Pressure on Roanoke Times Advertisers

Charlotte, NC (TLS). Those of you who value your Second Amendment rights as I do are always seeking ways to let our voices be heard in the public arena, particularly when all too many are ready to paint us as dangerous, fringe-element kooks who have no business driving an automobile much less owning a firearm.

Perhaps we would all do well to remember what the murders of abortion doctors did to the pro-life movement for several years. Such extreme actions on the part of dangerous individuals did the pro-life movement no favors and probably set the movement back by a decade or so. Only as science came to prove our contention that unborn babies have definite feelings, plus the images in the womb we have all come to view with awe, has the pro-life movement regained the momentum it lost when anti-abortion crusaders went on killing sprees.

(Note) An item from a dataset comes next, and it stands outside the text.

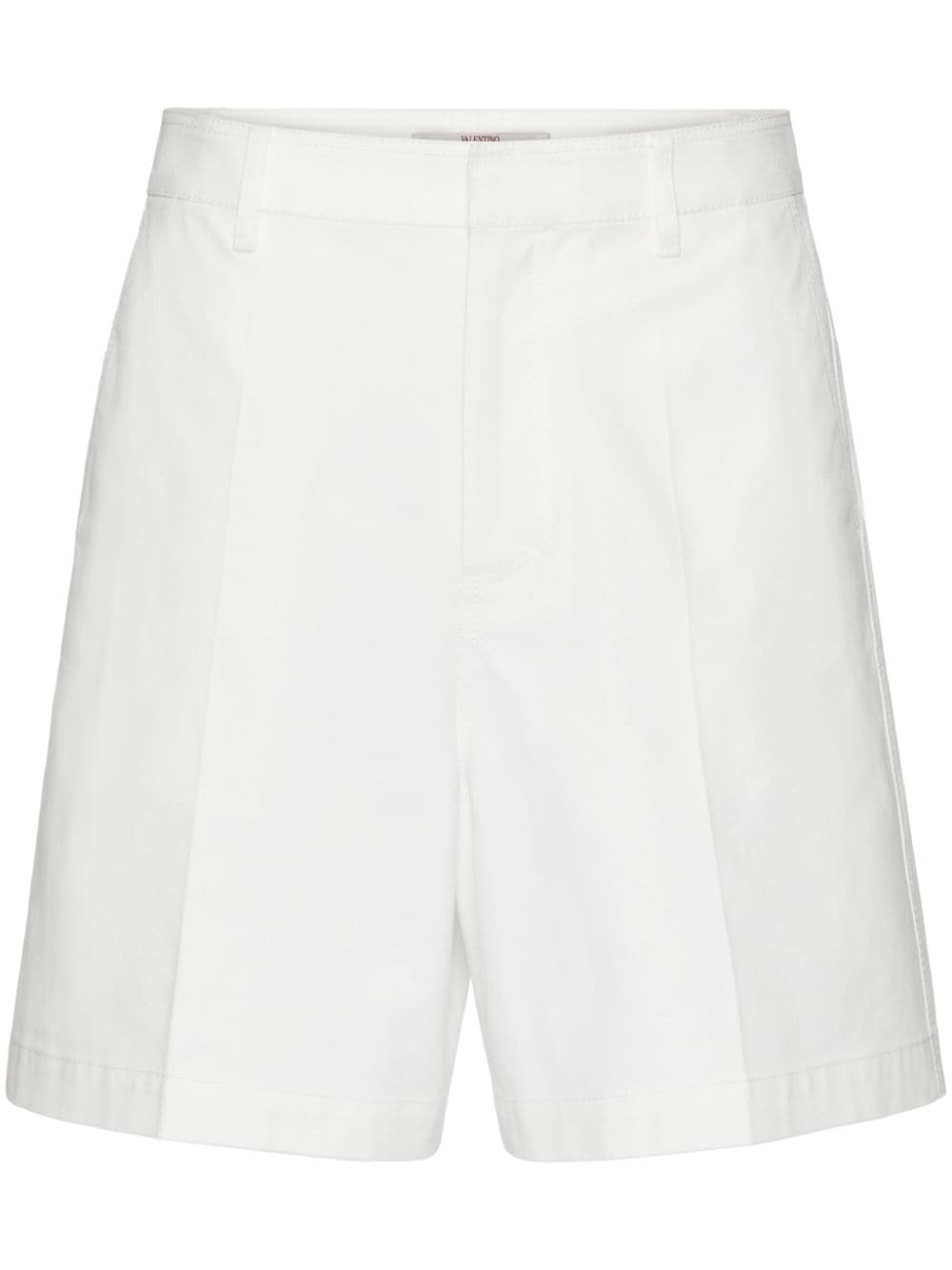 VALENTINO White V-Detail Cotton Shorts for Men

It's hard to successfully make a point about 'pro-life' when you are killing doctors.

In like manner, it's hard to convince skeptics in law schools and politics that responsible gun ownership and use is the norm when a few terribly misguided souls make threats or damage our cause by 'bull-in-a-china-shop' reactions.

Thus, the question becomes, how do we best go about making our point in a responsible manner? How can we most effectively make our point?

The practice of calling to task newspaper publishers, editors, and reporters by publishing their personal information is a reasonable approach when gun-owners are treated like common criminals and even compared to child molesters in some publications, such as the Roanoke Times. If they publish our names and addresses, they can expect us to publish theirs. It's that simple. And it is fair.

Another reasonable approach is to call the newspaper to complain about the nature of their coverage of gun ownership. If the publishers are aware that enough of their readers are offended by the tone of their coverage, it can make a difference. So can subscription cancellation.


However, the most effective means, perhaps, of getting our message across is to contact the advertisers in the offending publications and complain to them. If advertisers get the slightest hint that having their names associated with extremist editors and reporters is having a negative impact on a significant number of their patrons, you can bet your last quarter they will pressure the newspaper to stop with the crap, or else.

And that 'or else' means pulling their advertising out of that newspaper.

Newspapers cannot survive without advertising dollars. In today's society, with newspaper readership and subscriptions reaching all-time lows, the only way most papers survive is through the advertising...the businesses that purchase ads in those papers.

If a paper loses a half-dozen or so major business accounts, it is often enough to put their operating budget in the red.

Thus, advertisers can send a strong message to publications--shape up or we can shut you down.

Most of us around the country who are keenly aware of Second Amendment issues have already done most of the things I have mentioned to express our displeasure with the manner in which we were treated in the Roanoke Times. The one thing that's left is something that only local subscribers can do--contact the advertisers. Tell them what you think about the action of the Roanoke Times in publishing the names of carriers of concealed firearms, many of whom are single women and single moms who are in grave danger when such information about them is made public.

And then let the businesses do the rest. If you suggest that you may not be able to do business with them if they advertise in the Roanoke Times, I think they will get the message.

And believe me, these businesses will be sure that the Roanoke Times gets the message.